Mapping the Kinesis video stream to the Kinesis data stream

Reading streaming video analysis results

You can use the Amazon Kinesis Data Streams Client Library to consume analysis results that are sent to the Amazon Kinesis Data Streams output stream. For more information, see Reading Data from a Kinesis Data Stream. Amazon Rekognition Video places a JSON frame record for each analyzed frame into the Kinesis output stream. Amazon Rekognition Video doesn't analyze every frame that's passed to it through the Kinesis video stream.

A frame record that's sent to a Kinesis data stream contains information about which Kinesis video stream fragment the frame is in, where the frame is in the fragment, and faces that are recognized in the frame. It also includes status information for the stream processor. For more information, see Understanding the Kinesis face recognition JSON frame record.

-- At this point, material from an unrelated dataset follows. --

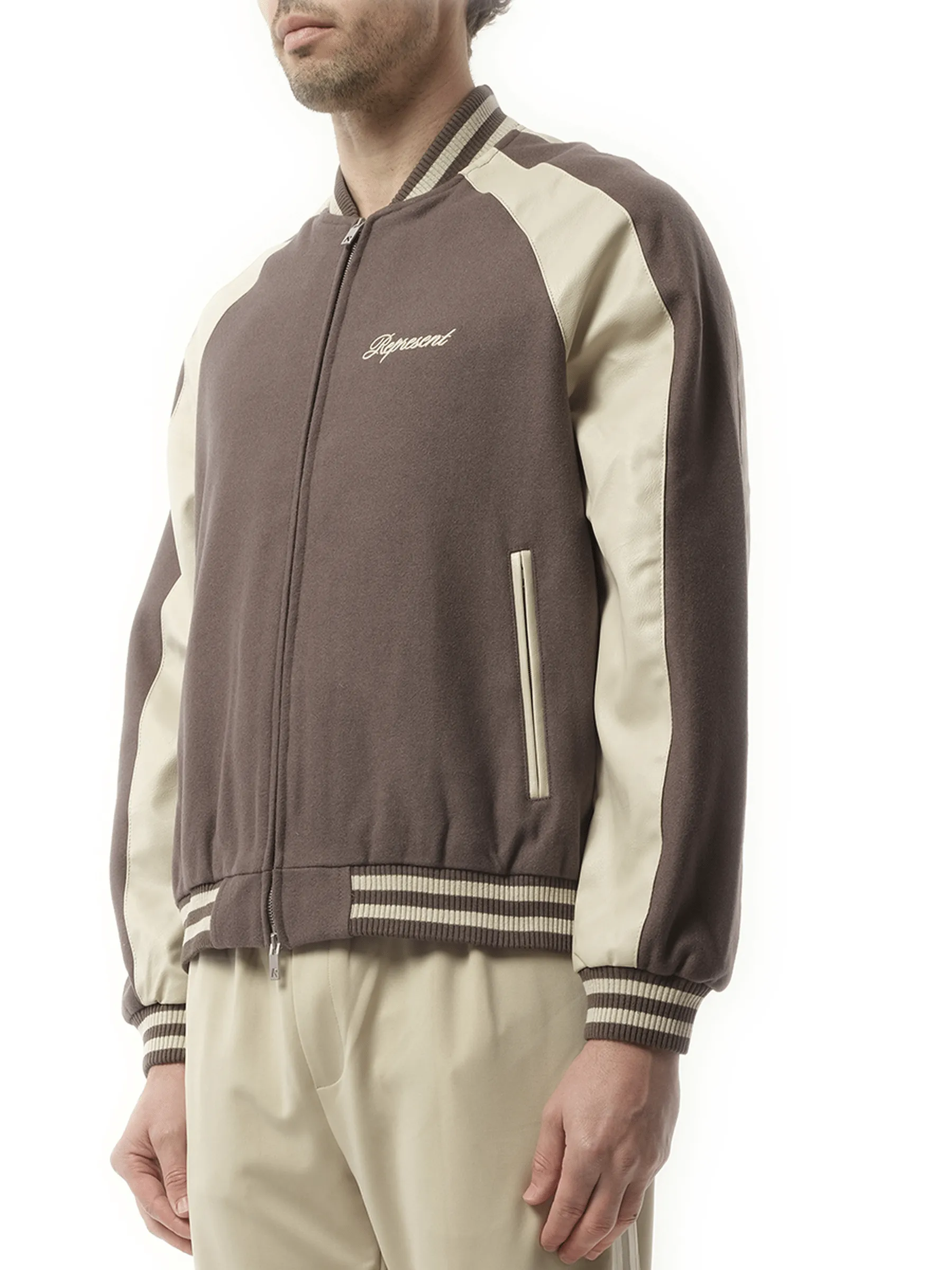 Raglan Varsity Jacket in Stone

The Amazon Kinesis Video Streams Parser Library contains example tests that consume Amazon Rekognition Video results and integrates it with the original Kinesis video stream. For more information, see Displaying Rekognition results with Kinesis Video Streams locally.

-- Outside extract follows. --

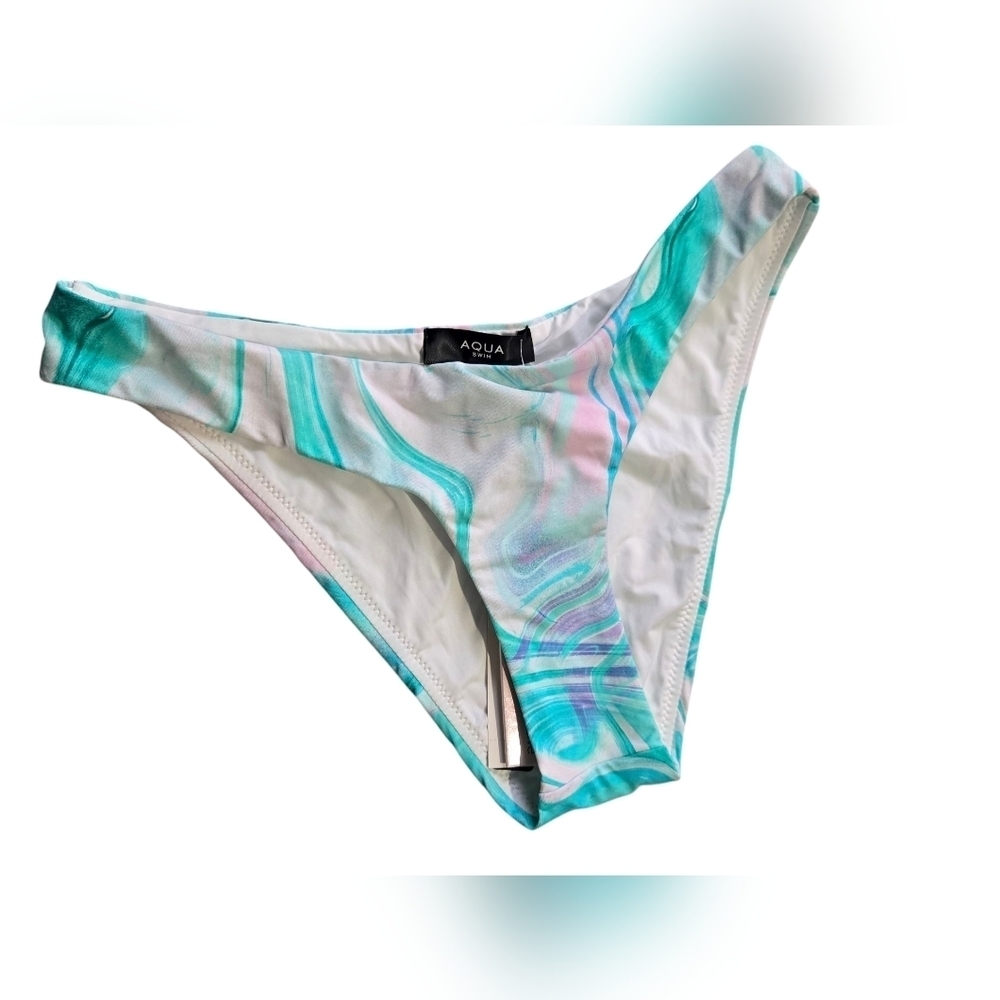 Aqua Women's Swirl Print Basic Bikini Bottom Small - Picture 2 of 7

Amazon Rekognition Video streams Amazon Rekognition Video analysis information to the Kinesis data stream. The following is a JSON example for a single record.


{
  "InputInformation": {
    "KinesisVideo": {
      "StreamArn": "arn:aws:kinesisvideo:us-west-2:nnnnnnnnnnnn:stream/stream-name",
      "FragmentNumber": "91343852333289682796718532614445757584843717598",
      "ServerTimestamp": 1510552593.455,
      "ProducerTimestamp": 1510552593.193,
      "FrameOffsetInSeconds": 2
    }
  },
  "StreamProcessorInformation": {
    "Status": "RUNNING"
  },
  "FaceSearchResponse": [
    {
      "DetectedFace": {
        "BoundingBox": {
          "Height": 0.075,
          "Width": 0.05625,
          "Left": 0.428125,
          "Top": 0.40833333
        },
        "Confidence": 99.975174,
        "Landmarks": [
          {
            "X": 0.4452057,
            "Y": 0.4395594,
            "Type": "eyeLeft"
          },
          {
            "X": 0.46340984,
            "Y": 0.43744427,
            "Type": "eyeRight"
          },
          {
            "X": 0.45960626,
            "Y": 0.4526856,
            "Type": "nose"
          },
          {
            "X": 0.44958648,
            "Y": 0.4696949,
            "Type": "mouthLeft"
          },
          {
            "X": 0.46409217,
            "Y": 0.46704912,
            "Type": "mouthRight"
          }
        ],
        "Pose": {
          "Pitch": 2.9691637,
          "Roll": -6.8904796,
          "Yaw": 23.84388
        },
        "Quality": {
          "Brightness": 40.592964,
          "Sharpness": 96.09616
        }
      },
      "MatchedFaces": [
        {
          "Similarity": 88.863960,
          "Face": {
            "BoundingBox": {
              "Height": 0.557692,
              "Width": 0.749838,
              "Left": 0.103426,
              "Top": 0.206731
            },
            "FaceId": "ed1b560f-d6af-5158-989a-ff586c931545",
            "Confidence": 99.999201,
            "ImageId": "70e09693-2114-57e1-807c-50b6d61fa4dc",
            "ExternalImageId": "matchedImage.jpeg"
          }
        }
      ]
    }
  ]
}

In the JSON example, note the following:

InputInformation – Information about the Kinesis video stream that's used to stream video into Amazon Rekognition Video. For more information, see InputInformation.
StreamProcessorInformation – Status information for the Amazon Rekognition Video stream processor. The only possible value for the Status field is RUNNING. For more information, see StreamProcessorInformation.
FaceSearchResponse – Contains information about faces in the streaming video that match faces in the input collection. FaceSearchResponse contains a DetectedFace object, which is a face that was detected in the analyzed video frame. For each detected face, the array MatchedFaces contains an array of matching face objects (MatchedFace) found in the input collection, along with a similarity score.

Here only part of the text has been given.